Let $F\subset K$ be an algebraic extension of fields. By taking the separable closure $K_s$, we obtain a tower $F\subset K_s \subset K$ such that $F\subset K_s$ is separable and $K_s\subset K$ is purely inseparable.
Wikipedia, following Isaacs, Algebra, a graduate course p.301, says:
On the other hand, an arbitrary algebraic extension $F\subset K$ may not possess an intermediate extension $E$ that is purely inseparable over $F$ and over which $K$ is separable.
The question is: why? And more explicitly, had I not seen this this soon, I would surely have conjectured that the perfect closure, $K_p$, which satisfies $F\subset K_p$ purely inseparable, also satisfied $K_p\subset K$ separable… But why doesn't it?
Best Answer
The intuition I can provide is that in an algebraic extension $F\subset K$ of characteristic $p$ , the field $K$ will be a separable extension of its purely inseparable extension $K_p$ over $F$ whenever $trdeg_{\mathbb F_p} F\leq 1$. This is why my counterexamples on MathOverflow here and here have $F=\mathbb F_p(u,v)$ , a purely transcendental extension of $\mathbb F_p$ of degree two.
I can't prove my intuition but it implies that Zev's example won't work (he didn't say it did, so he made no mistake), and here is a proof that indeed it doesn't.
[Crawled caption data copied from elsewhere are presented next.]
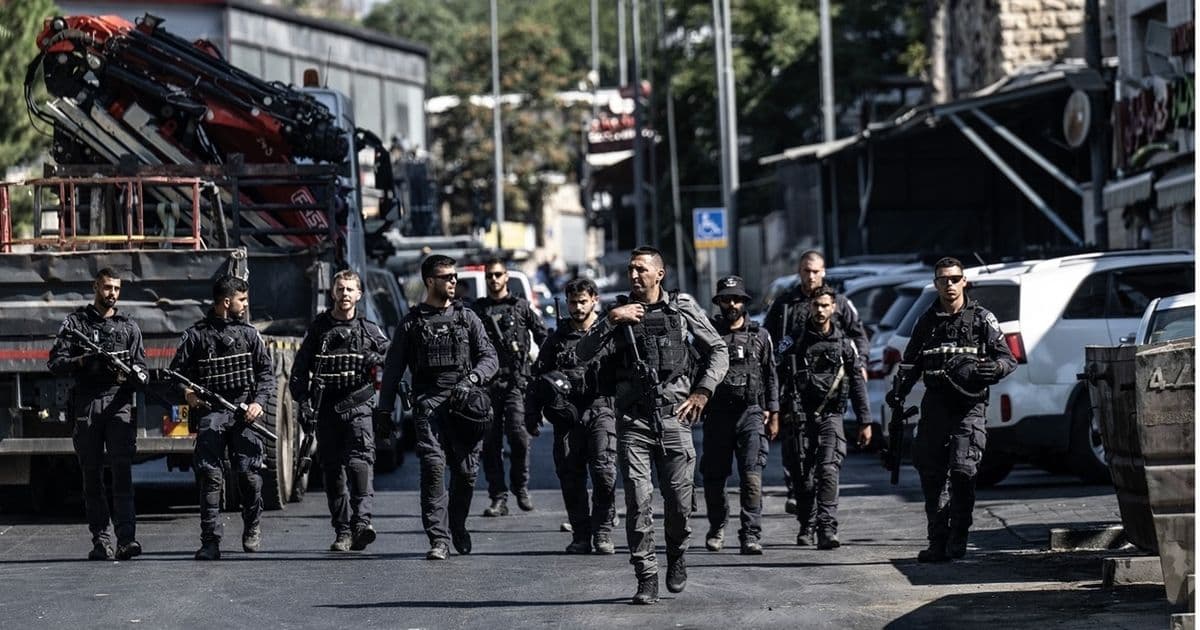 الاحتلال يغلق شوارع القدس قبيل صلاة الجمعة وينظم ماراثون تهويدي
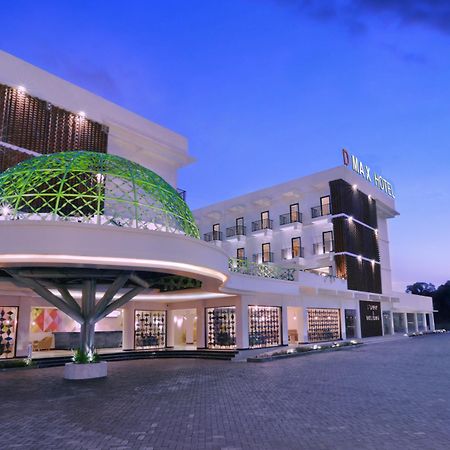 D'Max Hotel & Convention Lombok Praya Luaran gambar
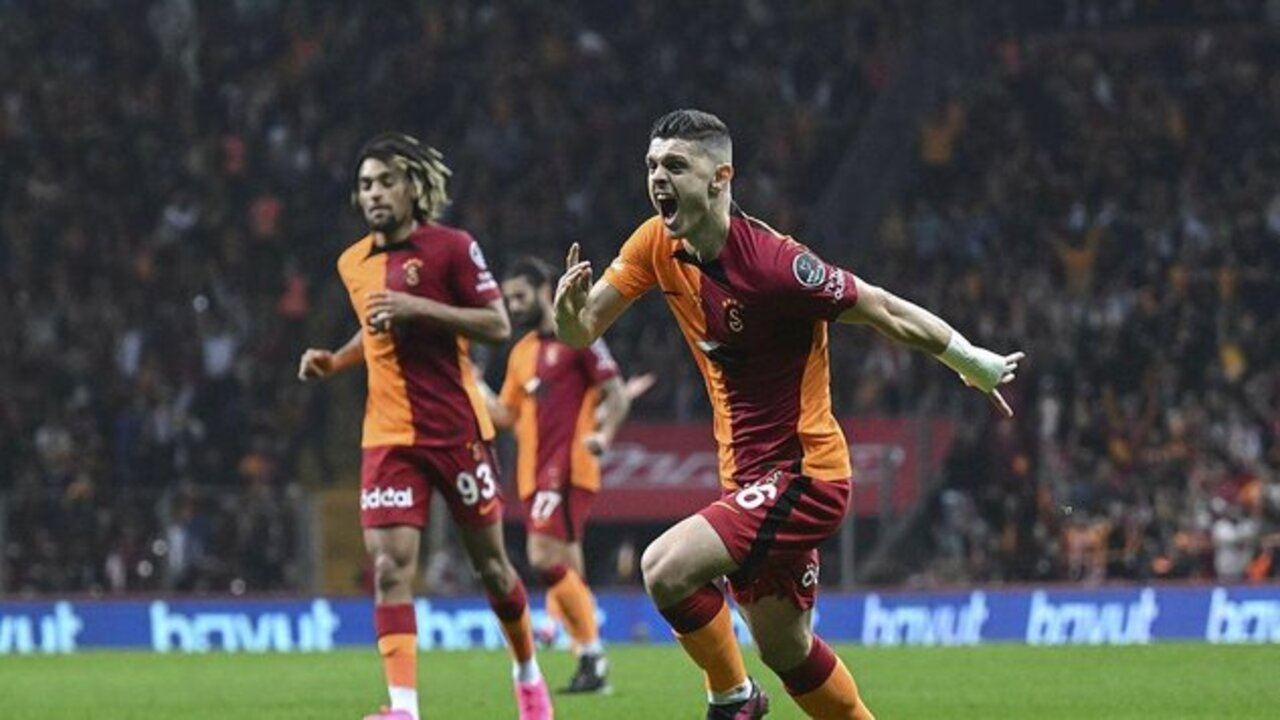 Galatasaray'da Milot Rashica Kayserispor galibiyeti sonrası konuştu: Şampiyonluk için sonuna kadar gideceğiz...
The key point is that is that if $\mathbb F_q$ is a finite field of characteristic $p$, the Frobenius map $\mathbb F_q \to \mathbb F_q: x\mapsto x^p$ is surjective and this implies that for $f(T)\in \mathbb F_q [T]$ we have $ (f(T))^{1/p}\in \mathbb F_q [T^{1/p}]$, because of the freshman's dream $(a+bT+\ldots)^{1/p}=a^{1/p}+b^{1/p}T^{1/p}+\ldots $ !
This implies that
$$(\mathbb F_q(T))^{p^{-\infty}}=\mathbb F_q(T,T^{p^{-1}},T^{p^{-2}},\ldots)$$
And now the rest is easy. If $F= \mathbb F_p(T)$ and $K=(\mathbb F_{p^2}(T))^{p^{-\infty}}=\mathbb F_{p^2}(T,T^{p^{-1}},T^{p^{-2}},\ldots \quad )$ we have $K_p=\mathbb F_p(T,T^{p^{-1}},T^{p^{-2}},\ldots \quad )$ and $K$ is a separable extension of the perfect closure $K_p$ of $F$ in $K$ . Indeed $K$ is just the simple separable extension $K=K_p(g)$ of $K_p$, where $g \in \mathbb F_{p^2}$ is any element such that $\mathbb F_{p^2}=\mathbb F_{p}(g)$. [ The element $g$ is of course separable over the (perfect !) field $\mathbb F_p$, so it is a fortiori separable over $K_p$].
Edit What I called my intuition above has now been proved by ulrich on MathOverflow here. He proves that if $trdeg_{\mathbb F_p} F\leq 1$, any algebraic extension $F\subset K$ has the property that $K$ is separable over its purely inseparable extension $K_p$ over $F$.